For this exercise, repeat the whole listing below exactly. Leave the pictures out.

● **Dataset extract**
--- START ---

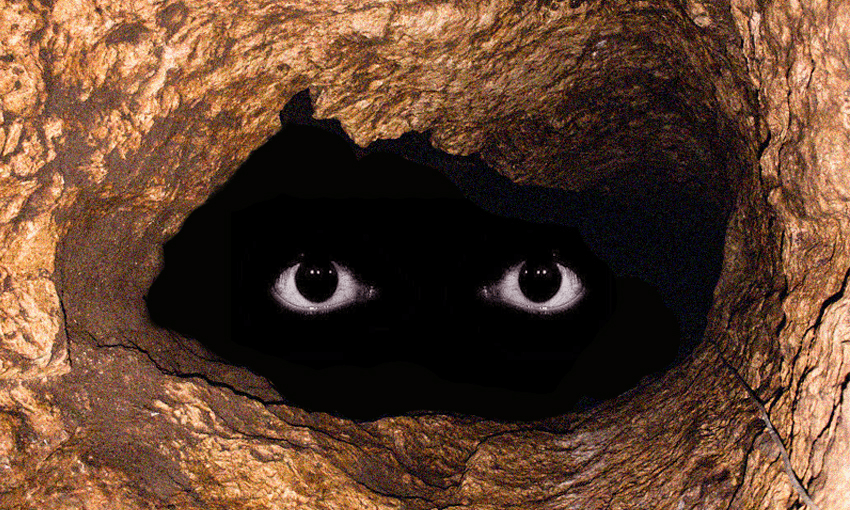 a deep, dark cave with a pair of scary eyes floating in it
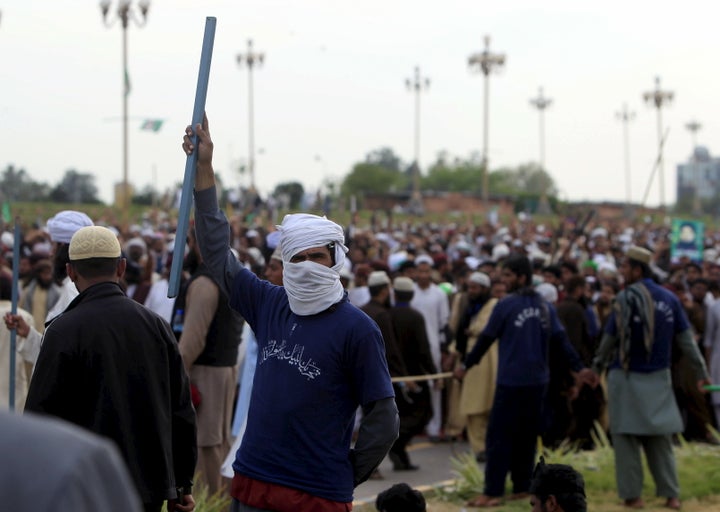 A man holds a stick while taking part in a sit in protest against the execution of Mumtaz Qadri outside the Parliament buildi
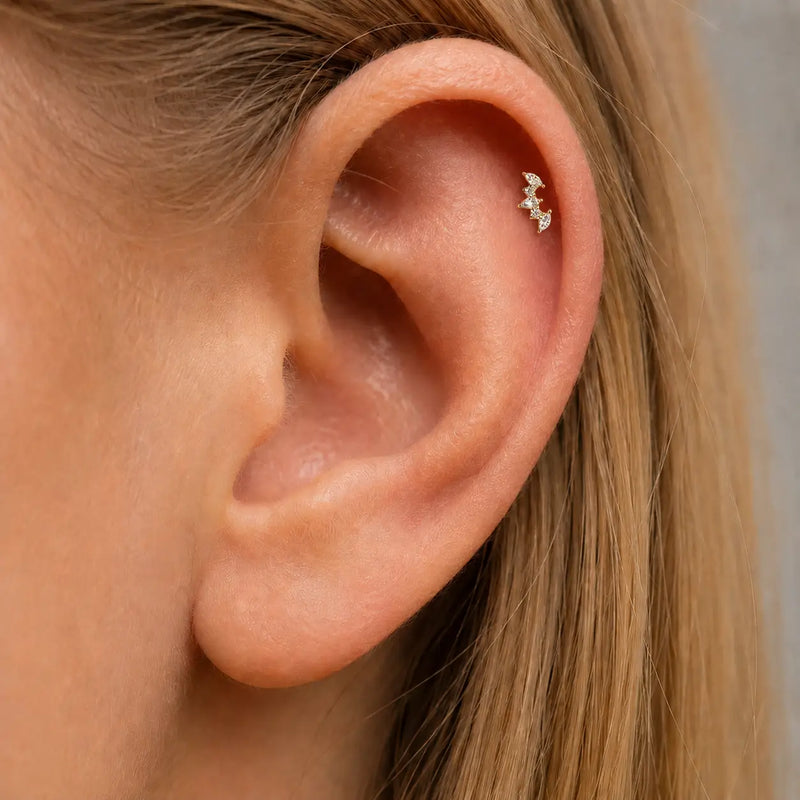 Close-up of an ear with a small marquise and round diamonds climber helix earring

--- END ---

● **Solution for this task**
 a deep, dark cave with a pair of scary eyes floating in it
 A man holds a stick while taking part in a sit in protest against the execution of Mumtaz Qadri outside the Parliament buildi
 Close-up of an ear with a small marquise and round diamonds climber helix earring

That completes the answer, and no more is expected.